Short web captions
------------------------------------------------------------------------

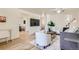 Open living room with hardwood floors, contemporary decor, and access to other rooms at 5563 Newland Way, Arvada, CO 80002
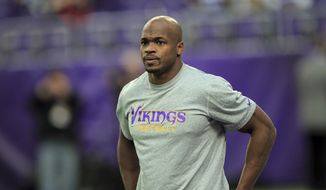 Minnesota Vikings running back Adrian Peterson warms up before the start of an NFL football game between the Indianapolis Colts and the Minnesota Vikings Sunday, Dec. 18, 2016, in Minneapolis. (AP Photo/Andy Clayton-King)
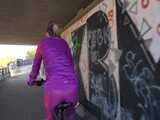 Watch Sandra riding her Bike in her sexy pink shiny nylon Rainsuit 5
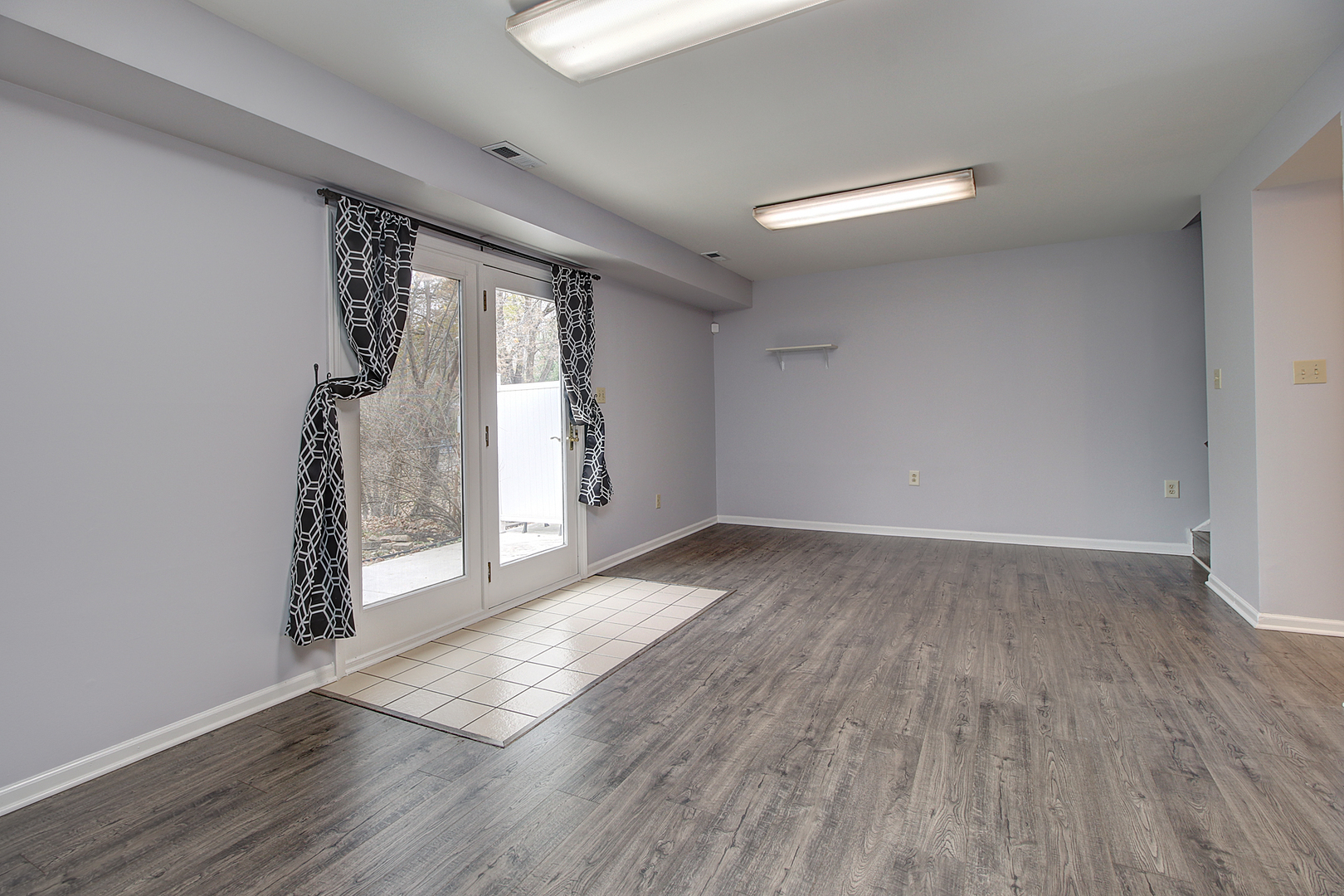 24218 West Main Street Plainfield, IL 60544 - Photo 11 of 19 an empty room with wooden floor and windows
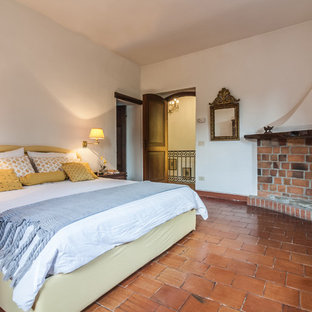 Esempio di una camera matrimoniale classica con camino ad angolo, pareti bianche, pavimento in terracotta, cornice del camino in mattoni e pavimento marrone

------------------------------------------------------------------------

> **Exercise prompt**:
A word-for-word transcript of the entries above is needed, with pictures removed.

> **Written answer**:
 Open living room with hardwood floors, contemporary decor, and access to other rooms at 5563 Newland Way, Arvada, CO 80002
 Minnesota Vikings running back Adrian Peterson warms up before the start of an NFL football game between the Indianapolis Colts and the Minnesota Vikings Sunday, Dec. 18, 2016, in Minneapolis. (AP Photo/Andy Clayton-King)
 Watch Sandra riding her Bike in her sexy pink shiny nylon Rainsuit 5
 24218 West Main Street Plainfield, IL 60544 - Photo 11 of 19 an empty room with wooden floor and windows
 Esempio di una camera matrimoniale classica con camino ad angolo, pareti bianche, pavimento in terracotta, cornice del camino in mattoni e pavimento marrone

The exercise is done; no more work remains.